Microsoft’s speech recognition system reaches human-level accuracy

By Ali Leghari|9 years ago |

Tech company Microsoft’s 25-year long wait is over as the company today has announced that its speech recognition system technology has reached human-level accuracy. Last year Microsoft’s researchers recorded 5.9 percent error rate in the system and now with the recent development, it stands at 5.1 percent error rate.

Microsoft said that it has lowered the error rate by introducing CNN-BLSTM (convolutional neural network combined with bi-directional long-short-term memory) model to its system.

Researchers at Microsoft have also been working on neural net-based acoustic as well as on language models, which resulted in the reduction of error rate. Speech recognition system of Microsoft is used in many of its services such as Cortana, Presentation Translator, and Microsoft Cognitive Services.

The company said in a blog post,

“After our transcription system reached the 5.9 percent word error rate that we had measured for humans, other researchers conducted their own study, employing a more involved multi-transcriber process, which yielded a 5.1 human parity word error rate. This was consistent with prior research that showed that humans achieve higher levels of agreement on the precise words spoken as they expend more care and effort. Today, I’m excited to announce that our research team reached that 5.1 percent error rate with our speech recognition system, a new industry milestone, substantially surpassing the accuracy we achieved last year.”

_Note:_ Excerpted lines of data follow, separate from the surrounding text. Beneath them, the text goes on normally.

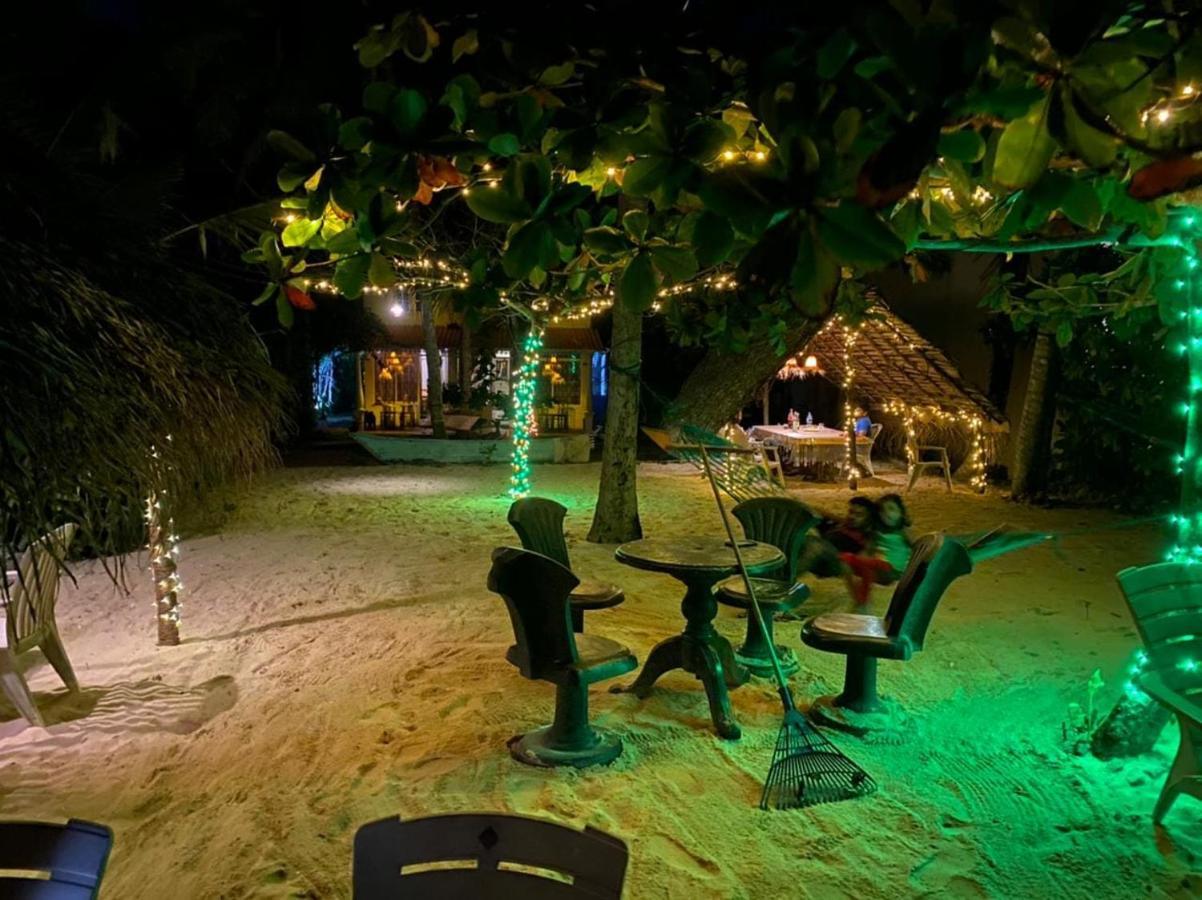 Simple Place Mirissa Exterior photo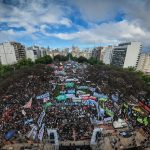 Protesto contra cortes na educação termina em confronto e prisões na Argentina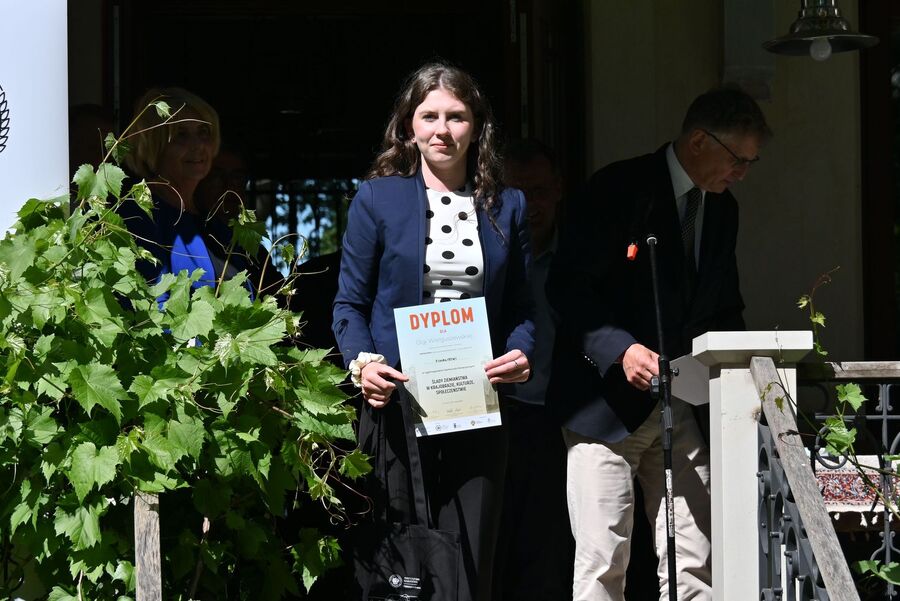 Olga Wielguszewska - laureatka konkursu w kategorii - praca pisemna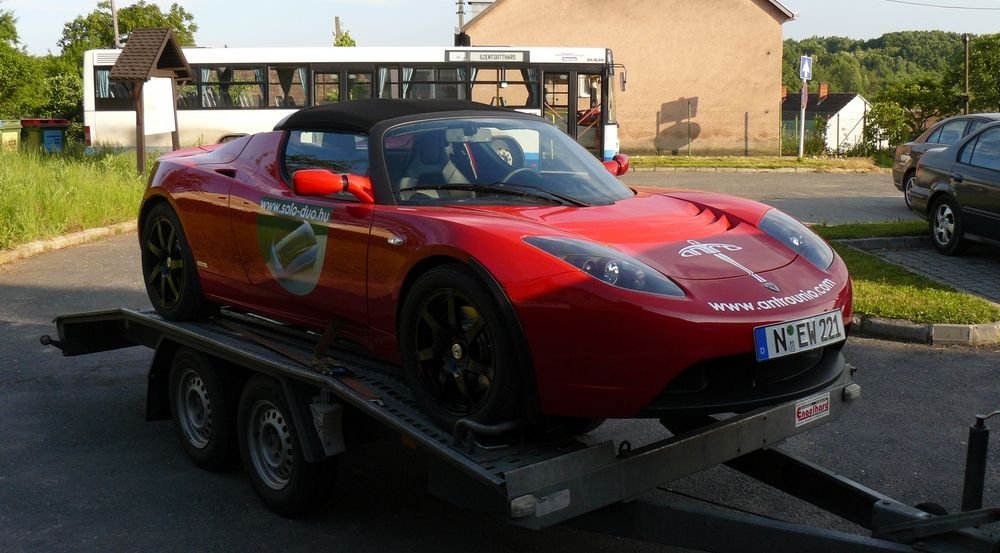 A Tesla Roadster hatótávja papíron 394 km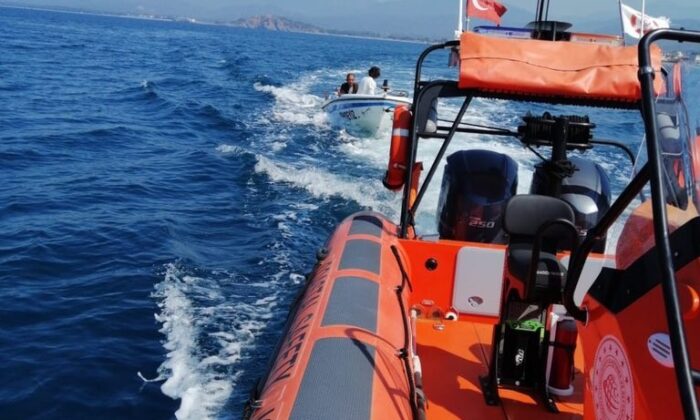 Arıza yapan teknede mahsur kalan 2 kişi kurtarıldı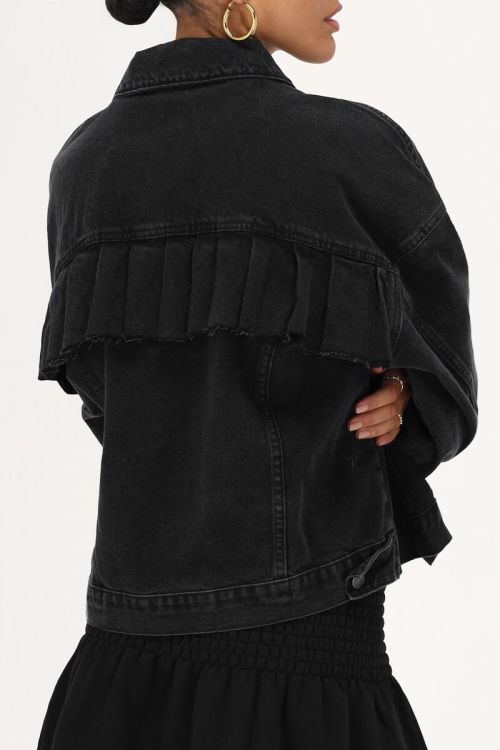 Zwarte spijkerjas met ruffles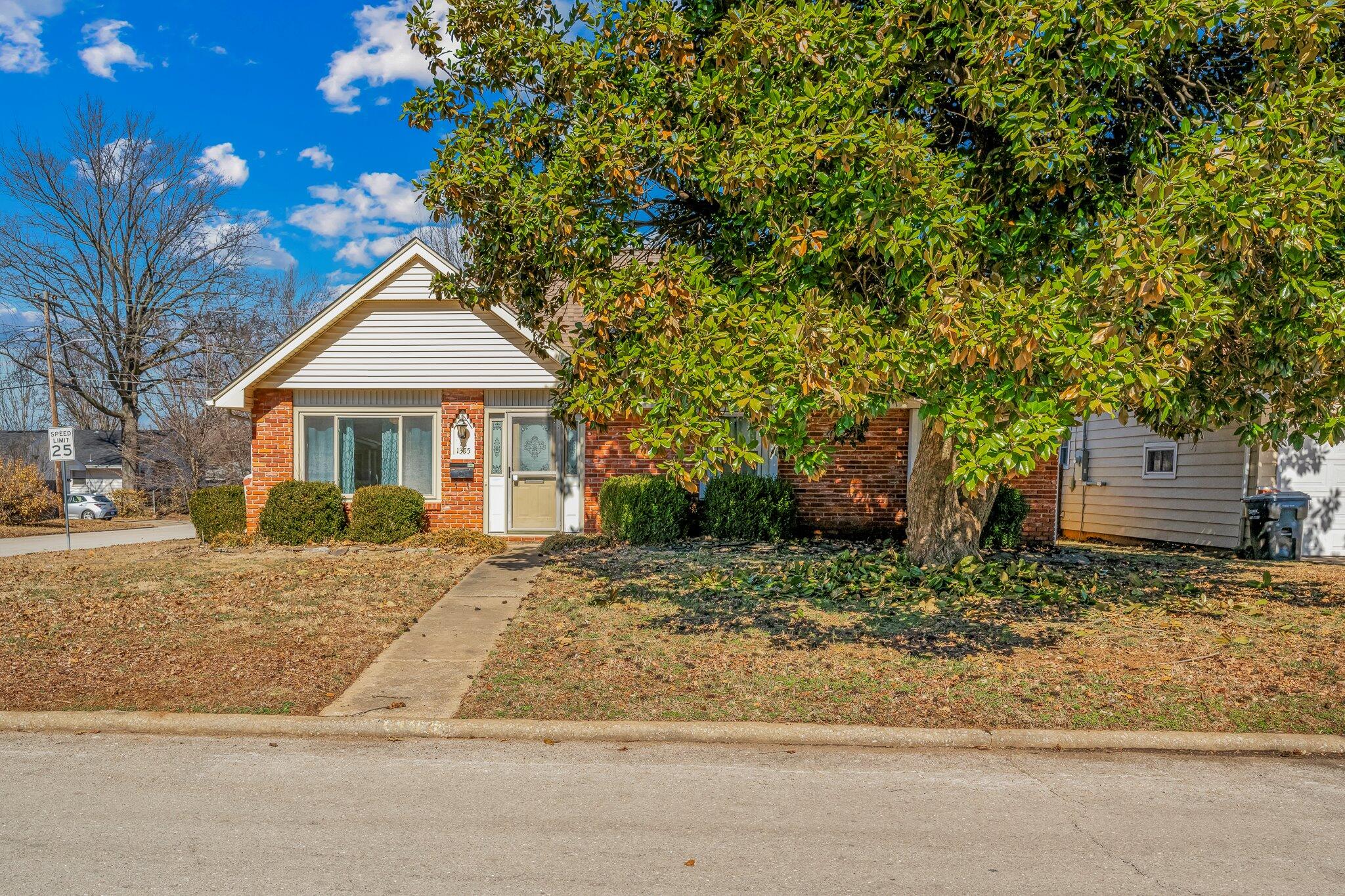 1355 East Woodland Street Property Photo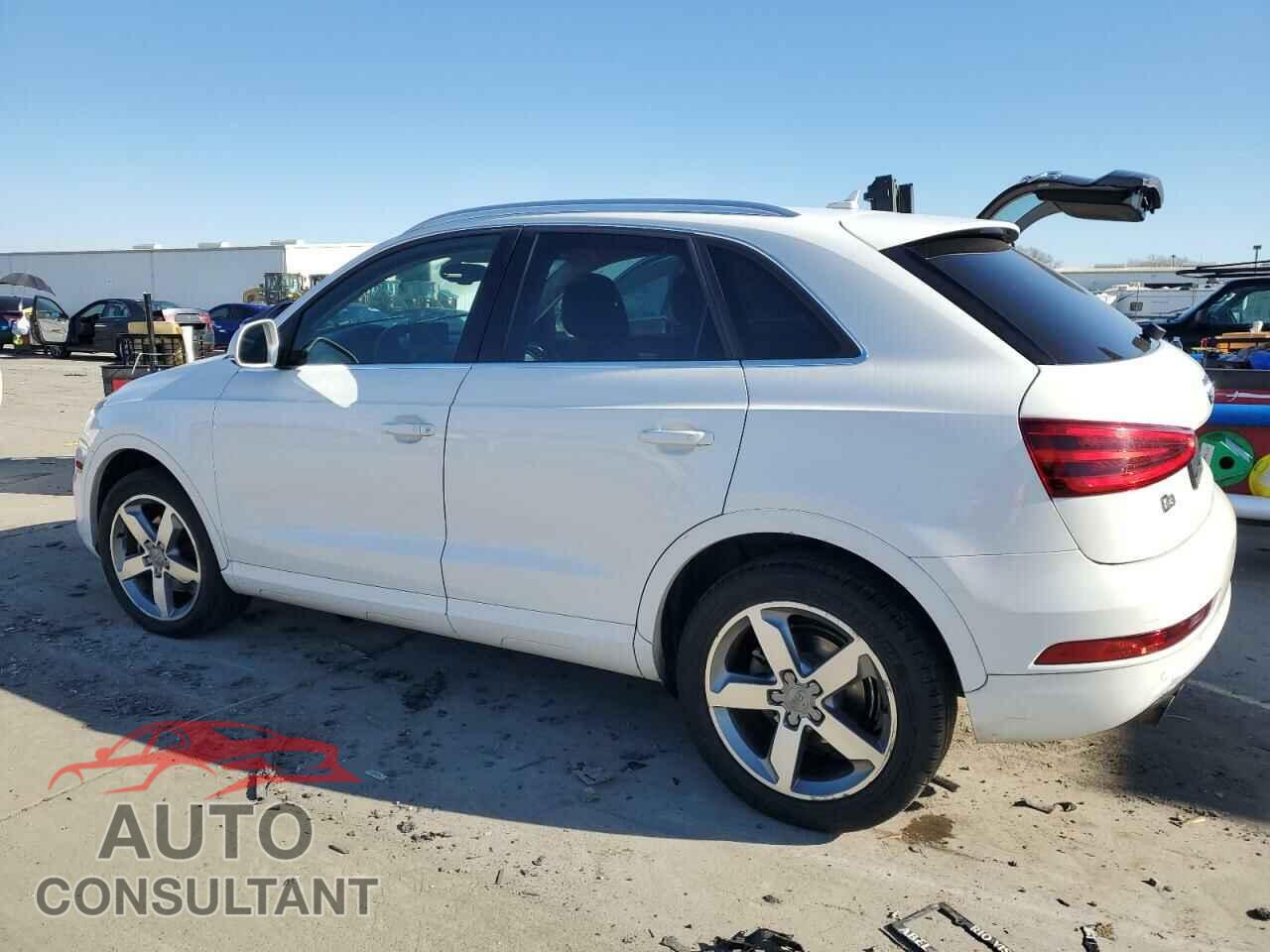 AUDI Q3 2015 - WA1BFCFSXFR009708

It would be worth mentioning here that the company last year formed 5000-person Artificial Intelligence and Research group to research in the field of (Artificial Intelligence) AI and to compete with other tech companies which are also researching AI and cloud technology. And now with this recent achievement, one can surely say that Microsoft’s decision of forming a 5000-person Artificial Intelligence and Research group has paid off.